The only thing I’ve firmly established is that the problem occurs when my host (whose certname is other.madstop.com) asks for /catalog/phage (phage being its real name).
Updated by Brice Figureau over 1 year ago
luke wrote:
(Hit submit too soon.)
Note that I added an extra wrapper around the auth check to make this error read a bit better.
The only thing I’ve firmly established is that the problem occurs when my host (whose certname is other.madstop.com) asks for /catalog/phage (phage being its real name).
That’s why I asked you a couple of days ago on #puppet why you used Facter.value(“hostname”) for catalog retrieval, and Puppet[:certname] for facts retrieval, because I was hitting the same issue. The real cause of the problem is that the underlying authstore requires fully qualified names, but the requests to catalog indirectors sends only the hostname, so in turns we’re trying to create a dynamic temporary allow(“hostname”), which is forbidden.
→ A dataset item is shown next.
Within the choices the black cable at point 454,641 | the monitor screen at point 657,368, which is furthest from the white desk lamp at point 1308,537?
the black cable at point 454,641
Now that I think about it, it looks like a bug, as hostnames can clearly not be unique among the various nodes connecting to a master (ie host1.domain1.com and host2.domain2.com would get the same request, and maybe the same catalog… after looking to the code, in fact no it works, because what matters is the request determined node which hopefully uses the certname).
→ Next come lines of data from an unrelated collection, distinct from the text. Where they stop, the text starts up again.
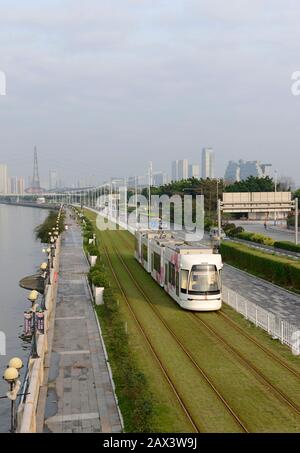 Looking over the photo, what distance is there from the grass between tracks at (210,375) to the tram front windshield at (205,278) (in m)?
1.24

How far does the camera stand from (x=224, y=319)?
21.3m

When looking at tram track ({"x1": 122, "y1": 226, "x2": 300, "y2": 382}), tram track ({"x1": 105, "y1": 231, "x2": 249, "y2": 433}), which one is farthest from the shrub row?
tram track ({"x1": 122, "y1": 226, "x2": 300, "y2": 382})

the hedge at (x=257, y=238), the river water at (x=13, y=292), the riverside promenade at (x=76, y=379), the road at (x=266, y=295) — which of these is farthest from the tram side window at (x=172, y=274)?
the hedge at (x=257, y=238)

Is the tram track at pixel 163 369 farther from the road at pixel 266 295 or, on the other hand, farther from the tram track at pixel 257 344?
the road at pixel 266 295

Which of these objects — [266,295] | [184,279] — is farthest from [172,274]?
[266,295]

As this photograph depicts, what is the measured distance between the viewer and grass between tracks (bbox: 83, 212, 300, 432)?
11938 millimetres

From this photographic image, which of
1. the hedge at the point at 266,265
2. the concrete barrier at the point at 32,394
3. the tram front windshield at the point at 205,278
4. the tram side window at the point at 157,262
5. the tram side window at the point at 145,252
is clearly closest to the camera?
the concrete barrier at the point at 32,394

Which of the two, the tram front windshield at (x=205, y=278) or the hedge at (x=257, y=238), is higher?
the tram front windshield at (x=205, y=278)

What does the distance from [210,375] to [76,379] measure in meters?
3.91

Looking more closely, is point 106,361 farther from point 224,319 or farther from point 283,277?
point 283,277

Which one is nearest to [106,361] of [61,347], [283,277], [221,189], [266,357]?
[61,347]

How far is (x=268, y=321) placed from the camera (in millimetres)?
19438

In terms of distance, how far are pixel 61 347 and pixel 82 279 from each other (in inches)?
604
So it’s just the catalog request that is wrong (the logic is OK), we should move from /catalog/hostname to /catalog/fqdn or /catalog/certname.
What do you think? If you’re OK, I’ll queue a patch to fix this issue.
Updated by Brice Figureau over 1 year ago
masterzen wrote:
luke wrote:
(Hit submit too soon.)
Note that I added an extra wrapper around the auth check to make this error read a bit better.
The only thing I’ve firmly established is that the problem occurs when my host (whose certname is other.madstop.com) asks for /catalog/phage (phage being its real name).
That’s why I asked you a couple of days ago on #puppet why you used Facter.value(“hostname”) for catalog retrieval, and Puppet[:certname] for facts retrieval, because I was hitting the same issue. The real cause of the problem is that the underlying authstore requires fully qualified names, but the requests to catalog indirectors sends only the hostname, so in turns we’re trying to create a dynamic temporary allow(“hostname”), which is forbidden.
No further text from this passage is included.